Unbundling The Newspaper Could Be A Good Thing
from the future-of-news dept
A lot of the discussion at the Future of News conference has focused on the supposedly dire consequences of the newspaper’s decline. Newspaper readership is falling, and advertising revenues are dropping even faster. A lot of people here (especially folks who work at newspapers) seem to think that newspapers fill a unique niche that will go unfilled if increased competition from the Internet causes newspapers to go out of business. One of the people on the second panel, Eric Alterman, wrote an article for the New Yorker recently making the same argument. He thinks that bloggers have a “parasitic relationship” with the mainstream media, perhaps exemplified by me linking to a New Yorker article as the jumping off point for this post!
What I think this misses is that the current structure of the newspaper industry may not make a lot of sense in the Internet age. Today, every newspaper has its own stable of movie critics, book reviewers, sports reporters, and coverage of science, technology, medicine, foreign affairs, and other topics. This arrangement was largely dictated by the limitations of 20th-century distribution technologies; in the 20th century, there were economies of scale to delivering news, and so it made sense to put all of the day’s news into one big bundle and deliver it to everyone’s door.

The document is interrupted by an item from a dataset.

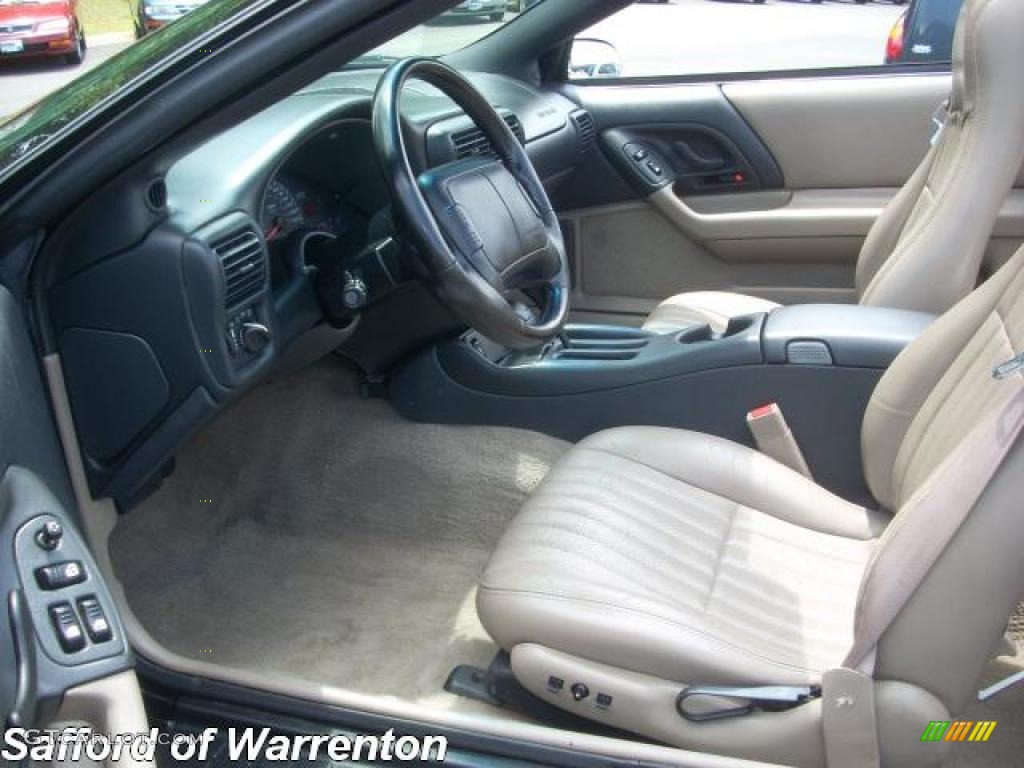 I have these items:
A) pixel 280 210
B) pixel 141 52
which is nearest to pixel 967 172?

Thanks to the Internet, the web, and technologies like RSS, there’s no longer any reason for everyone to get the same bundle of news, and there’s certainly no reason to think that everyone will want to get all their news from the same metropolitan area. There’s no particular reason that I should get my movie reviews or technology coverage from my local paper, the St. Louis Post-Dispatch, rather than specialized publications based elsewhere that cover these topics in great depth. People can assemble their own bundle of news by picking and choosing among the thousands of publications online. And for those who don’t have the time or the knowledge to do that, there are going to be plenty of aggregators that offer a comprehensive summary of the day’s news syndicated from a bunch of different sources.

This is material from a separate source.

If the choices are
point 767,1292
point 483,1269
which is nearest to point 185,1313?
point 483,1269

Treating the metropolitan newspaper as a bellwether for news gathering as a whole is misguided. Newspapers are declining not because there’s no market for good content, but because the 20th-century newspaper probably isn’t the best model for organizing the enterprise of news gathering. There’s a ton of good content on the Internet that doesn’t come from mainstream media outlets, and there’s every reason to expect that a lot more will be created as the online audience continues to grow. But the new outlets aren’t newspapers, and there’s no reason to expect them to have the comprehensive ambitions or monolithic structure of newspapers. People looking for a single institution that will take the place of the newspaper are likely to be disappointed. Rather, the newspaper is likely to be replaced by a swarm of smaller, nimbler and more specialized news outlets, combined with aggregation tools that help people assemble their own bundles of news from these myriad sources.